Different parts of the administration distribute
documents, compulsory forms and other materials with
no coordination or compatibility, often using proprietary
software of various sorts. By doing so they are wasting large amounts of the taxpayers' money as well as forcing citizens to waste time and money
if they want access to so-called "technologically
advanced services". Law enforcement and military
organizations use operating systems of which they don't
understand the logic or the structure and that
they have never verified or controlled. Etcetera...

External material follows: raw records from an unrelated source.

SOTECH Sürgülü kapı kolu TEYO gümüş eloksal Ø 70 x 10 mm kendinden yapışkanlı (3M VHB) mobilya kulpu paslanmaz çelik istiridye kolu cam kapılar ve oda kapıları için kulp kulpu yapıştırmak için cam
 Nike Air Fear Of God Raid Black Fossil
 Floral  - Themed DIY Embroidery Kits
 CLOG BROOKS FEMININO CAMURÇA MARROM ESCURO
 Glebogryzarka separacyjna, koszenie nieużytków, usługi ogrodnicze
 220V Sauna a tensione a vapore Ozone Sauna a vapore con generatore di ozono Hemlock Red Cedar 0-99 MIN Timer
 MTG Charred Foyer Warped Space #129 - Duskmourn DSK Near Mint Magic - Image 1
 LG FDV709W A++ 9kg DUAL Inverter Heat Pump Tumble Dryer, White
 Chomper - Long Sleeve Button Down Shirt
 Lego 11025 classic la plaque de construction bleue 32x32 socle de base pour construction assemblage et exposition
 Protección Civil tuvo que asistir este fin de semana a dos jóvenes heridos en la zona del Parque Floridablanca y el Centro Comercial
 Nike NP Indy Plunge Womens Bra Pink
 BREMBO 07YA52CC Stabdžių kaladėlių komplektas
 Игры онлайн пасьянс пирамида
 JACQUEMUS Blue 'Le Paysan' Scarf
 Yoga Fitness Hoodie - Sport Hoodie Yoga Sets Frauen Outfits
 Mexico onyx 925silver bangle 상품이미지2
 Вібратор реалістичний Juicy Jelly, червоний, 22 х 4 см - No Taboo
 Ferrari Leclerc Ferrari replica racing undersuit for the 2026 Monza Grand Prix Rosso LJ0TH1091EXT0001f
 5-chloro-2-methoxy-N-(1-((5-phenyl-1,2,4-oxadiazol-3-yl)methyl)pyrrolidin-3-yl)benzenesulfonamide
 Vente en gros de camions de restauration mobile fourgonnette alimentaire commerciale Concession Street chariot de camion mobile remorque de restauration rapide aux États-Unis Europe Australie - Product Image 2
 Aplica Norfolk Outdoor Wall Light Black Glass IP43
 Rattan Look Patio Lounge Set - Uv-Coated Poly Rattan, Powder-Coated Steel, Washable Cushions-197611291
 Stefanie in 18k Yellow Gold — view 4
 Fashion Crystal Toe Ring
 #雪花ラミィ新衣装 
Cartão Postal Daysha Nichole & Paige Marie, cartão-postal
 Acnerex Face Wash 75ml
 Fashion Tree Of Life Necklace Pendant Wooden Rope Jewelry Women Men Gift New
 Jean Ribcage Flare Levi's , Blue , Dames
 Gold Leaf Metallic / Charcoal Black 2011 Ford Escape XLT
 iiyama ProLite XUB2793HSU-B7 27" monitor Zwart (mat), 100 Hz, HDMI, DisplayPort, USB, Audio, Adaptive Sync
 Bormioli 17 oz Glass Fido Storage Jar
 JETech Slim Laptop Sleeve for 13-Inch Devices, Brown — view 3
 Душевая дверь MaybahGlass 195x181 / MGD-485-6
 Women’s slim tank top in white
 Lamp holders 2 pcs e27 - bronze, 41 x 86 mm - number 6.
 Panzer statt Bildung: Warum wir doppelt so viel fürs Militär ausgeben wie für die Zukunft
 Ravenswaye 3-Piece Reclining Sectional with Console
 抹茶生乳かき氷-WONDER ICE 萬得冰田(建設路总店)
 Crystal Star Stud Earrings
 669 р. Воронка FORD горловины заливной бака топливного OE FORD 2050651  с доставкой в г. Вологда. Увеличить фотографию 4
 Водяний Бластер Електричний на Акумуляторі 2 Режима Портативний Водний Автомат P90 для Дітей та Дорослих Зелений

In other European countries there are, at least, some
attempts to improve the situation. In
France, parliament is working on a law to introduce Linux
in schools and there are several other efforts
to expand the use of opensource software in public
administration. In Germany the government is
financing the development of Gnu Privacy Guard, an
opensource encryption system directly competitive
to (but compatible with) PGP hoping to be able to offer
it as a potential European standard. In
Italy some parts of the administration are
(spontaneously) using opensource software, but there is
no central effort in that direction. Quite to the contrary,
government and parliament are actively promoting
the use of proprietary and incompatible software of
which, in most cases, they don't know the
source code. The European Union has often declared its
intent to consider information technology
and electronic communication as key issues; but it has
ignored, so far, the problem of compatibility,
transparency and open source while rushing to protect
the interests of proprietary software whenever
prompted by the powerful lobbies of its owners. In Italy,
it's even worse. Civil rights and freedom
advocates (specifically ALCEI), a few universities,
programmers' associations, even government-supported
social and economic research agencies, have been actively
challenging these backward strategies;
but so far they haven't been able to obtain a radical
change. This is one of the crucial tasks for
the months and years to come in Italy as in all of Europe.
A summary of the discussion in the panel session at CFP2000
was reported in Wired online on April 7, 2000.